The Way He Looks (2014)
Hope you kept those tissues handy. This Brazilian movie is about a blind teenager, Leonardo (Ghilherme Lobo), whose life changes completely when a new student arrives in town. It's not your typical coming-of-age story: The Way He Looks addresses a classic fear of rejection from the unique point of view of a boy dealing with both his blindness and his sexuality (not to mention his first kiss), and tackles it with just the right mix of compassion and humor. You’ll want to hug Leonardo and never let go.
4th Man Out (2015)
Lovable car mechanic Adam (Evan Todd) is ready to tell his extremely straight best friends that he's gay, but can't seem to muster the courage until the morning after a drunken night out. The group is stunned, and acts awkwardly, but after Adam’s closest friend goes on a date with a wise girl who shows him how insensitive he’s been, he rallies the group together to help Adam find his way out of a dating rut. It’s cheesy at times, and purposely bro-y, but not all LGBT films have to be laced with tragedy, and this one is a welcome respite, leaning heavily on the feel-good side.
Margarita with a Straw (2014)
The heroine of this dazzling Indian drama epitomizes the idea of "carpe diem." Laila (Kalki Koechlin) is a wheelchair-bound teenager with cerebral palsy who gets offered a scholarship to attend NYU for a semester, where she falls in love with a blind Pakistani girl. You should actually sip on a margarita while you watch this one, to both mask your tears and celebrate the unbelievable heart Laila possesses. In the face of disability and the desire to come out to her mother as bisexual, she'll teach you countless lessons about the human quest for joy.

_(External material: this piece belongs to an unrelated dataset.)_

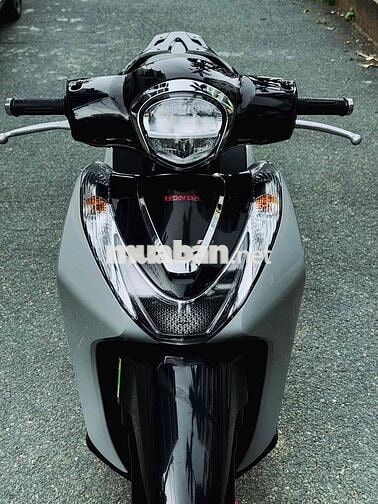 Honda SH Mode 2023 Bạc đen 13000 km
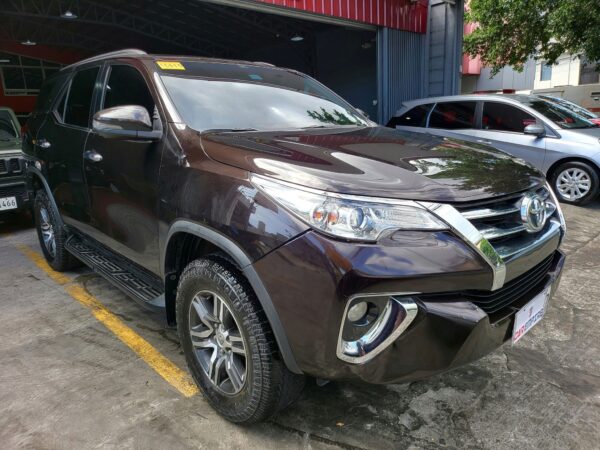 2018 Toyota Fortuner 2.7 G Gas A/T - Image 8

After his mother (Mary Page Keller) passes away, lonely artist Owen's (Ewan McGregor) father, Hal (Christopher Plummer), is diagnosed with terminal cancer -- and comes out as gay at 75. Hal then falls in love -- genuine love -- for the first time. Beginners is set in flashbacks to Owen's final years with his dying yet rejuvenated father, and to childhood moments with his goofy, misunderstood mother. In present day, as Owen dwells on these memories and struggles with his career, he meets a wayward French actress (Mélanie Laurent) who helps lift his spirits. Plummer is the heart and soul of this gentle indie, which is based on the true coming-out story of writer/director Mike Mills’ father. Honorable mention goes to Owen's pet pup, Arthur, an adorable Jack Russell Terrier who gets subtitled dialogue of his own.